Friday, 1 July 2016

Praque travel guide no. 2



We carried on across the bridge as the next part of our tour was located on the other side, and our first stop was the John Lennon Wall, which since the communist days has been covered in graffiti conveying politically focused messages. The wall really is amazing and if you’re in the city then make sure it’s on your list. The whole area is magical and the atmosphere here is vastly different to other parts of the city. There are often buskers playing music which makes the whole scene even more special. 



















From the Lennon Wall we had quite a long walk ahead of us, but that didn’t matter because the sights along the way were worth seeing. The next destination was Prague Castle and the many sights surrounding it. As you approach the Castle you do have to walk up quite a steep hill – so be prepared! As you reach the top and turn around, you realise that you’ve had a wonderful view of the city behind you the whole time! The Castle has its own vineyard and the grapes vines grow from the top to the bottom of the hill running down to the city, which also looks lovely. We took in the view and then made our way into the Castle through the gate. Most of the attractions inside the castle walls are not free, but you call buy various passes which include either all or some of them. We took the pass which covered most entrance fees and it cost around 15€ per person. 

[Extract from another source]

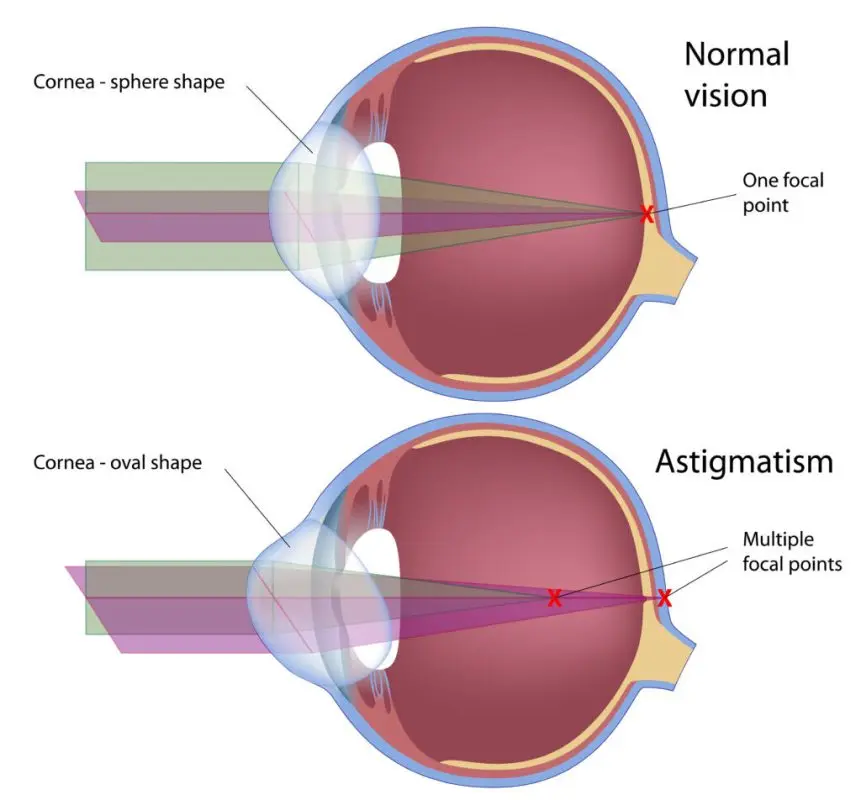 Our doctor&#8217;s opinion on astigmatism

The first area inside the castle walls that we visited was the Golden Lane. We weren’t exactly sure what was awaiting us on the other side of the entrance, however we weren’t disappointed. The Golden Lane is a medieval street with small houses and merchants which has been restored to its former glory. The street runs around 100 meters and you can go inside many of the shops and get an insight into how life was in medieval Prague. The houses themselves are very pretty and somehow cute, painted in various colours. 









From Golden Lane, we made our way to the next stop, St George’s Basilica, a church built in 920 which has very beautiful stained glass windows. We then made our way to St. Vitus Cathedral, which is around 4 times larger than the Basilica, and is spectacular from both inside and outside. Next up we visited Loreta, which is also a location of religious importance and is more quaint and charming than the Basilica and Cathedral. We could have spent a lot more time in this area, and we would have loved to do so, but as time was starting to run out, we had to stick to the schedule as there was still a few more sights we wanted to see. 

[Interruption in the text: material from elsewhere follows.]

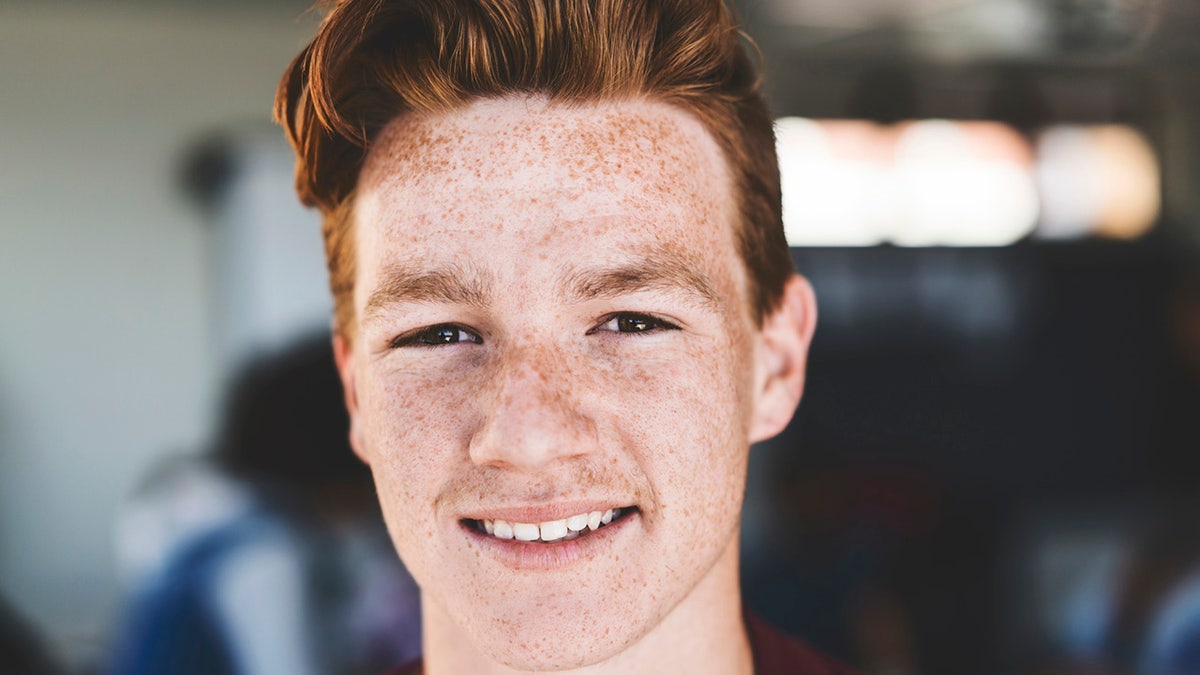freckles on man's face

The next part of the journey was downhill, which we were both very happy about! The walk to the next destination, The National Theatre took around 30 minutes and brought us through very beautiful streets and areas of the city not usually seen by tourists. We really enjoyed the walk as there was a lot to see. As we approached the river we crossed the Legii Bridge, which before reaching the other side, crosses over a small island which is used as a green park area where people sit and relax with friends or family. As you walk over the second part of the bridge, you can see The National Theatre in front of you as it’s located directly at the other side. It’s a very old building and the view doesn’t disappoint! 


















We made our way south along the river to see one of the more modern architectural wonders, The Dancing House which is a curving office block designed by Frank Gehry. It’s not that wonderful, but if you have time then pass by. 

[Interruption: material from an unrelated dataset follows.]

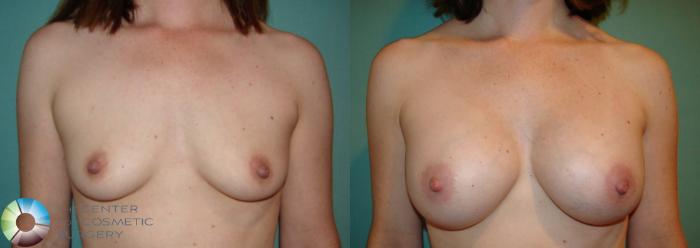 Before & After Breast Augmentation Case 529 View #2 View in Golden, CO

We made our way from here to our final destination for the day: Wenceslas Square. As we were quite tired by this point, we decided to take the tram, which was included in our Metro Ticket. Wenceslas Square dates from the 14th century and houses The National Museum, shops and restaurants. Old meets new in this area and it has more of a cosmopolitan feel to it, in contrast to the rest of the city, which was very traditional. 



After 17km of walking we had made it to the end station and by now it was 5pm and we were ready to drive back. We hope we could give you some inspiration and ideas if you’re also heading to Prague for either a day, or a weekend. There is surely a lot more to see and enjoy, and we’d love to go back some day. Saying that, we were very happy with the plan we put together and if you want to get a copy, feel free to contact us.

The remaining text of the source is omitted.